[[ RECORDS PROVIDED open ]]
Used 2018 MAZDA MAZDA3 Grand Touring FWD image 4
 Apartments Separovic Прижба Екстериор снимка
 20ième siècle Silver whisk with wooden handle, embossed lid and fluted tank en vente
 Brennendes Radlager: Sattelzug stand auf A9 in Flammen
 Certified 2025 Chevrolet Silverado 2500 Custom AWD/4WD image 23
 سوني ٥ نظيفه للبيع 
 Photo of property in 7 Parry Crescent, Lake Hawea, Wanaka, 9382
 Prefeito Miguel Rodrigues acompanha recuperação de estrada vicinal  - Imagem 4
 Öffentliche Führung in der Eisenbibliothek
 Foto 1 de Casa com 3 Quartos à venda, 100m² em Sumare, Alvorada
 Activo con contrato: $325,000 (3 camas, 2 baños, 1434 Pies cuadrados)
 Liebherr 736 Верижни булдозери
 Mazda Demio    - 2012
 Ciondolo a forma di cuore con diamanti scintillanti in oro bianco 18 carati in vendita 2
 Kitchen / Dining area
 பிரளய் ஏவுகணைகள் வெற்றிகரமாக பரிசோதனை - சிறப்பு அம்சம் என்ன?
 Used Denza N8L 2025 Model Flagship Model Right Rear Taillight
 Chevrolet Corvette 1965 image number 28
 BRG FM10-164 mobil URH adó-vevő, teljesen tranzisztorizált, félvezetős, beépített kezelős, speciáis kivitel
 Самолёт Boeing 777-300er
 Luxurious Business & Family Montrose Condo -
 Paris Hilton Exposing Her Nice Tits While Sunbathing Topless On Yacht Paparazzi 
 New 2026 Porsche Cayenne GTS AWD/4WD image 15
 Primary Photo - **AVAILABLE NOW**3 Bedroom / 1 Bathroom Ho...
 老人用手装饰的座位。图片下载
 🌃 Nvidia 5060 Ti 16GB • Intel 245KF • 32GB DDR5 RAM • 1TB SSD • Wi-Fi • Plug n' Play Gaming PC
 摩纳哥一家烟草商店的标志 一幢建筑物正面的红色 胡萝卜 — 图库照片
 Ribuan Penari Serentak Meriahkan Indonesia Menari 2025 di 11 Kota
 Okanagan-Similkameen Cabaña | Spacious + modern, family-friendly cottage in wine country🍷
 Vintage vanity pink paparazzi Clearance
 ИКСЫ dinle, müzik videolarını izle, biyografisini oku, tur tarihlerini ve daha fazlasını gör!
[[ RECORDS PROVIDED closed ]]
Set down precisely the lines above between the line holding "Ciondolo a forma" and the line holding "Самолёт Boeing 777-300er", inclusive, and nothing beyond them.

● **ANSWER AREA**
 Ciondolo a forma di cuore con diamanti scintillanti in oro bianco 18 carati in vendita 2
 Kitchen / Dining area
 பிரளய் ஏவுகணைகள் வெற்றிகரமாக பரிசோதனை - சிறப்பு அம்சம் என்ன?
 Used Denza N8L 2025 Model Flagship Model Right Rear Taillight
 Chevrolet Corvette 1965 image number 28
 BRG FM10-164 mobil URH adó-vevő, teljesen tranzisztorizált, félvezetős, beépített kezelős, speciáis kivitel
 Самолёт Boeing 777-300er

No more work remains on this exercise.